On October 6, 2014, Plaintiff Rachel Bohanan filed this civil rights action against the above-captioned Defendants. On August 1, 2016, after nearly two years of pretrial litigation, Ms. Bohanan, by and through counsel, filed a Motion for an Order of Voluntary Dismissal Without Prejudice [D. 60]. Defendants did not object [D. 61]. On August 3, 2016, the Court granted the motion pursuant to Federal Rule of Civil Procedure 41(a), and the claims against all Defendants were dismissed without prejudice [D. 62]. Almost exactly one year later, on August 2, 2017, Ms. Bohanan filed a pro se motion [D. 63] to reopen the case, on grounds that it had been dismissed without her knowledge or consent. This motion is presently before the Court, and is opposed by Defendants East Tennessee Human Resources Agency, Inc., and Stacie Basler, in her individual capacity [D. 64]. For the reasons set forth below, the motion [D. 63] will be DENIED.

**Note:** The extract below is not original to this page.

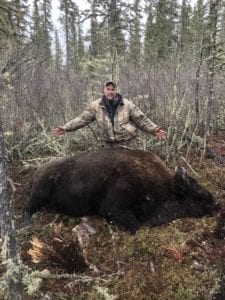 Shooting a trophy bison is not uncommon, in fact it’s the best opportunity on Earth to shoot a free range wild woodland bison.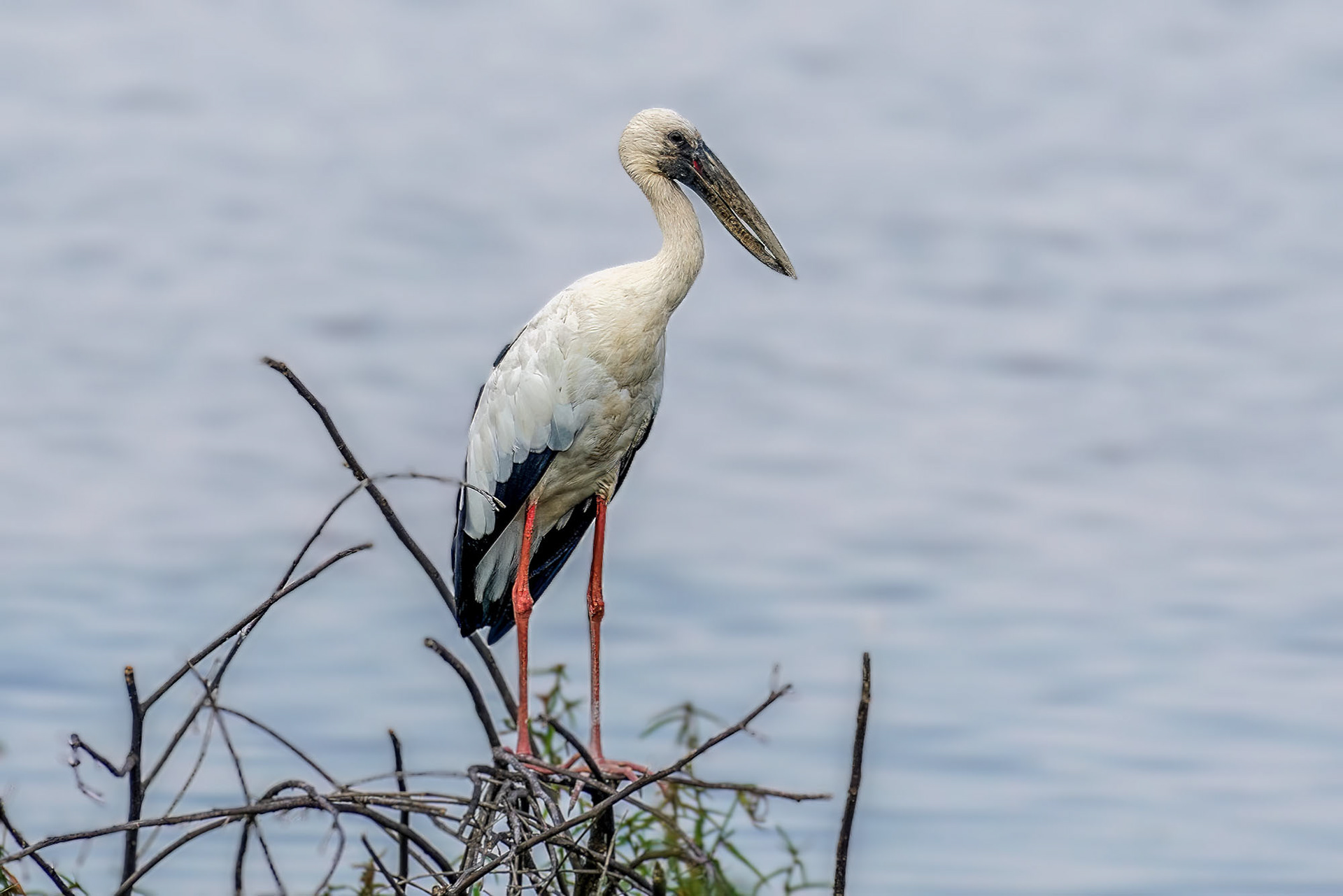 Silberklaffschnabel / Asian openbill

The Court construes Ms. Bohanan's filing as a motion seeking relief from a judgment or order, pursuant to Federal Rule of Civil Procedure 60(b). See Loss v. Ward, 178 F.3d 1295, 1999 WL 107969, at *1 (6th Cir. Feb. 9, 1999) (affirming district court's construction of a motion to reopen as filed pursuant to Rule 60(b)); McCall-Bey v. Franzen, 777 F.2d 1178, 1186 (7th Cir. 1985) ("Any time a district judge enters a judgment, even one dismissing a case by stipulation of the parties, [she] retains, by virtue of Rule 60(b), jurisdiction to entertain a later motion to vacate the judgment on the grounds specified in the rule. . . ."). Under Rule 60(b), a court may relieve a party from a "final judgment, order, or proceeding" only for the following enumerated reasons:

(1) mistake, inadvertence, surprise, or excusable neglect; (2) newly discovered evidence that, with reasonable diligence, could not have been discovered in time to move for a new trial under Rule 59(b); (3) fraud (whether previously called intrinsic or extrinsic), misrepresentation, or misconduct by an opposing party; (4) the judgment is void; (5) the judgment has been satisfied, released or discharged; it is based on an earlier judgment that has been reversed or vacated; or applying it prospectively is no longer equitable; or (6) any other reason that justifies relief.

FED. R. CIV. P. 60(b).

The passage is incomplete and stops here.